To really drive sales, Jackson recommends rotating through new varieties to keep snack options fresh. “If you can find an item and have it before your competition, and it’s a hit, that means the customer will come back to your store to purchase it again. Do not be afraid to try something different. Sometimes an item can set you apart from your competition,” Jackson said.
At Alltown Fresh, consumers value variety and a wide range of flavor profiles the most. To enhance the way people eat and shop in c-stores, and to accommodate the market’s adventurous consumer base, the chain has leaned into bold, new flavors that satisfy hunger and cravings.

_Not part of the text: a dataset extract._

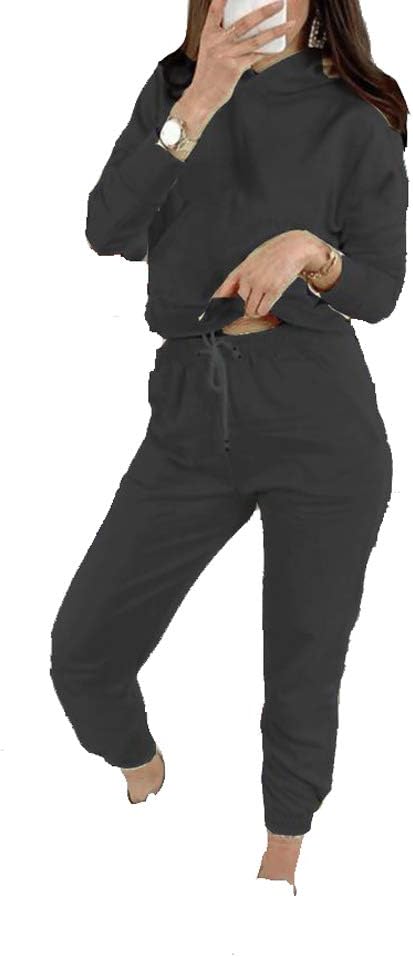 DivadamesWomen's Crop Hood Loungewear Set Ladies Tracksuit Hooded Set Relaxed wear Sizes UK 8-12
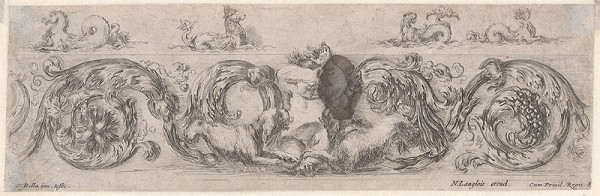 Stefano della Bella – Ornament s putti a psíkmi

“LesserEvil Himalayan Salt Paleo Puffs, Hippeas Sriracha Sunrise Chickpea Puffs and Prana Exotic Fruit and Nut Mix are classic go-to’s,” Pratt noted. “Snacks with a fruit influence, such as Barnana Fruit Chips, Mavuno Harvest 100% Organic Dried Fruit and Matt’s Munchies Island Mango Fruit Snacks, have been a recent highlight, with Stretch Island Snacks Fruit Leather being a great option for kids.”
Driven by taste and texture, Pratt predicted, consumers will continue to seek out bold flavor offerings and unique ingredients while shifting toward snacks that serve a purpose. “Demanding snacks that taste good, fill you up and have wellness functions will become the standard for c-store guests, with an emphasis on digestive health and prebiotics,” Pratt said.
Promos & Combos
Two-fers on smaller sizes help increase sales, Fleck said. “We offer a 5-8% discount when we do this, but the promotional signage draws the customers to the deal, which drives those sales.”
In the past, bigger bags did well when promoted, Fleck added, but now consumers are looking for snacks they plan on consuming as part of their lunch, or just to munch. Bundling with cold beverages and roller-grill items show growth, but signage in each of these areas is highly critical to its success. Jackson has found that two-fer deals work well with some salty snack categories, but not with others. Running a two-fer on tube nuts, for example, usually increases take rate and overall units purchased.
“On other hand, with items like chips, popcorn or tortilla chips it does not work as well,” Fleck said.
Cenex expects the share of space for intense flavors and better-for-you varieties to continue to grow in the salty snacks segment.
“Long gone are the days where regular flavors dominate this category, and their multi-facings in the stores will dwindle as each year ticks by,” Fleck predicted. “I can only imagine what the planograms for chip/salty snacks will look like in another five years.”